<<<<

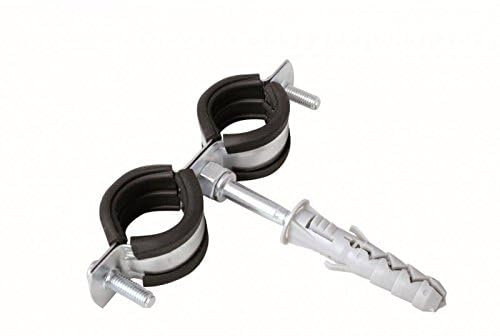 Gummi-gefütterte doppelte Rohrschelle mit Schraube / Rohr-Metallklammer / Rohrstahlschelle, silber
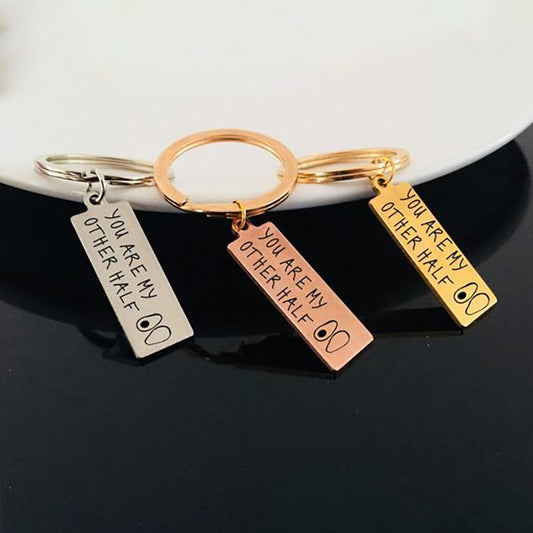 YOU'RE MY OTHER HALF Engraved Key Chain for Couples - BigBeryl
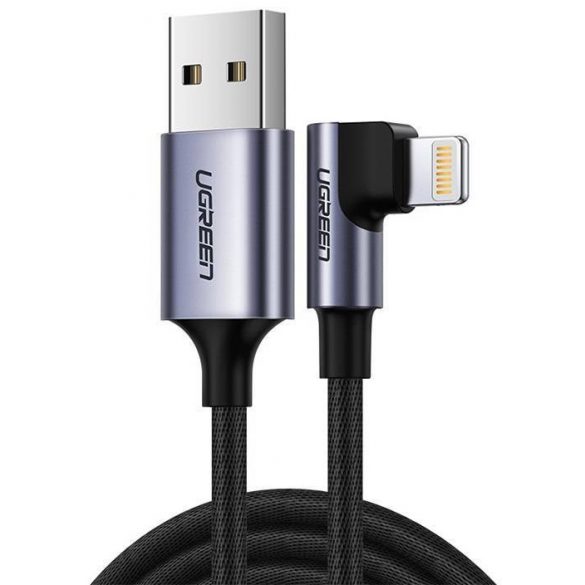 Cablu USB Lightning UGREEN US299 în unghi, MFi, 1 m (negru)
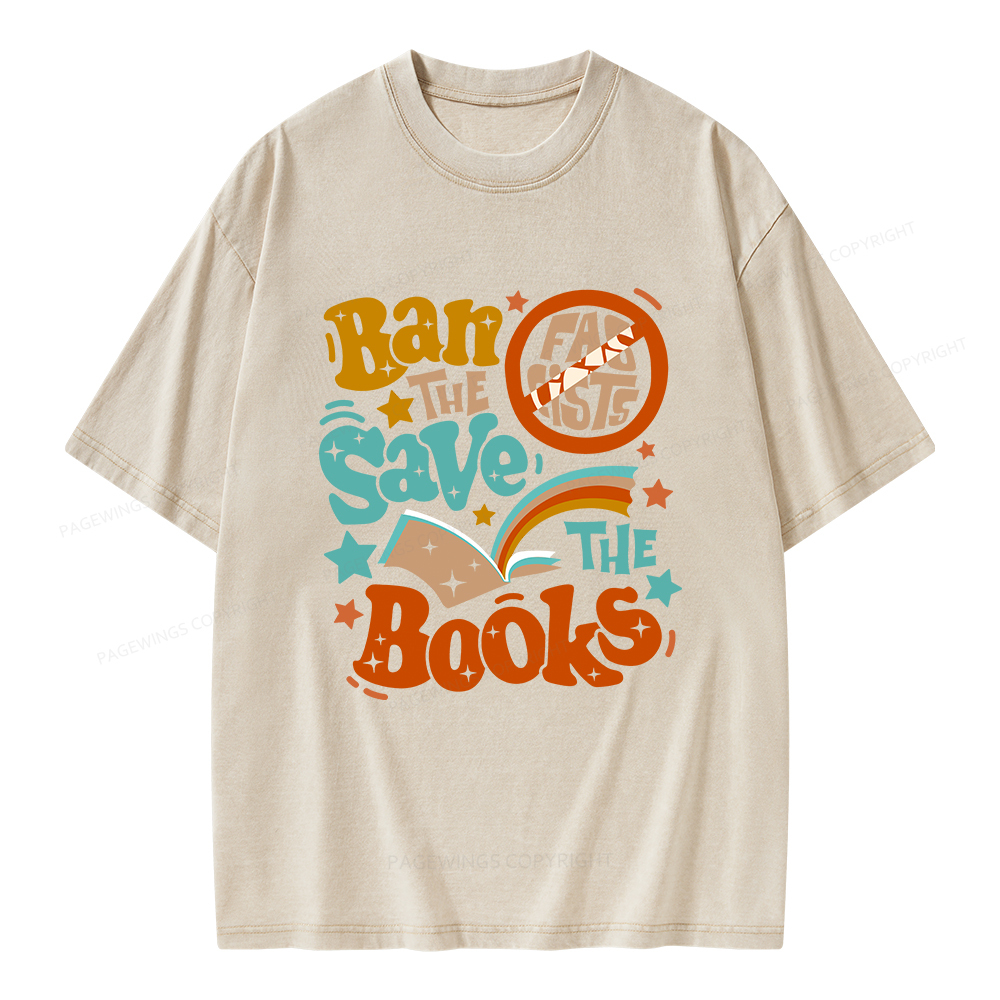 Pagewings Ban The Fascists Save The Books Unisex Washed T-shirt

>>>>

GOAL OF THE EXERCISE ::
The whole listing above, line by line, needs to be copied exactly, except for any images.

ANSWER SPACE ::
 Gummi-gefütterte doppelte Rohrschelle mit Schraube / Rohr-Metallklammer / Rohrstahlschelle, silber
 YOU'RE MY OTHER HALF Engraved Key Chain for Couples - BigBeryl
 Cablu USB Lightning UGREEN US299 în unghi, MFi, 1 m (negru)
 Pagewings Ban The Fascists Save The Books Unisex Washed T-shirt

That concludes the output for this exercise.